Here's a list of data we do or don't have for American and British marksmanship:
1) Training statistics.
We do NOT have Union training statistics, but we do for the British - they used targets up to 900 yards away, and hit half the time (for First Class shots, which in some regiments was well over half the men).
2) Training amount.
The British fired about a hundred rounds per man per year, well-recorded, in marksmanship training involving range estimation and skirmishing. The Union, so far as I can tell, did not.
3) Battlefield values.
The British at the Alma, and at Inkerman, hit roughly with one round in sixteen. We do not have precise values for the Union but one round in sixteen at Pickett's Charge would imply the charge would be wiped out in three minutes and it manifestly was not.
4) Known firing ranges and achievements.
The British in the Crimea were able to snipe out artillery at 600-800 yards. This is with line infantry, not sharpshooters.
The Union was not able to get this performance from line infantry - or if they were, I'd love to see positive evidence on that front.
ED:
This is basically a structural thing, it's something that grows out of the way the US Army was organized.
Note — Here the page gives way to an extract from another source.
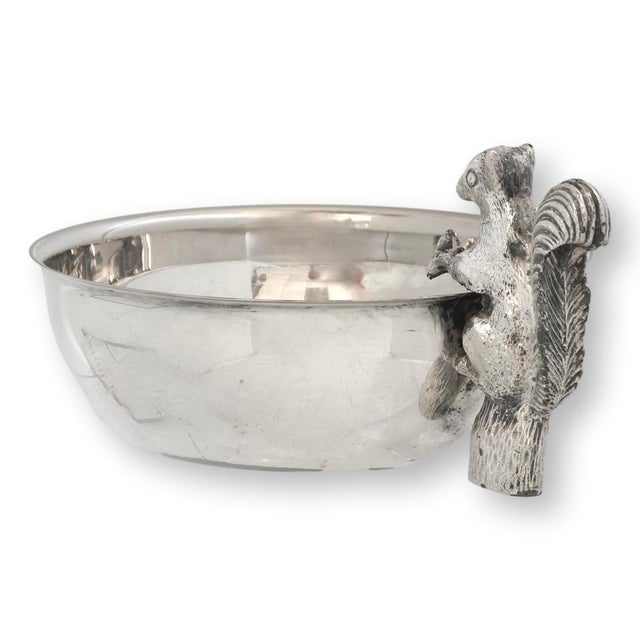 A charming midcentury English silverplate trinket dish featuring a wonderfully detailed squirrel perched on a tree stump...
The US didn't have a large standing army and instead relied on building armies in a tearing hurry out of mobilized militia, but they never really managed to work up the will to enforce the training of the militia and as a consequence they were starting pretty much from scratch.
By contrast the British had a small standing army by European standards, but this functionally meant ten to fifteen times the size of the peacetime US army. As such any British force fighting in North America is going to contain tens of thousands of trained prewar regulars as stiffeners (to the extent that having one regular battalion per brigade could lead to an army nearly 200,000 strong) and going to be a much harder target than the British army.
As an example. During the potential period of a Pig War, the US Army has a few companies within a week or so of a rail line, with everything else pretty much being either fighting Indians or (out of position after) dealing with the Utah War. The British had 16 cavalry regiments, all the Guards (of which 3 battalions could leave) and 26 regular infantry battalions at home, with 4 in Canada; another ten battalions come home from India over the next year or two, and this could be accelerated at need.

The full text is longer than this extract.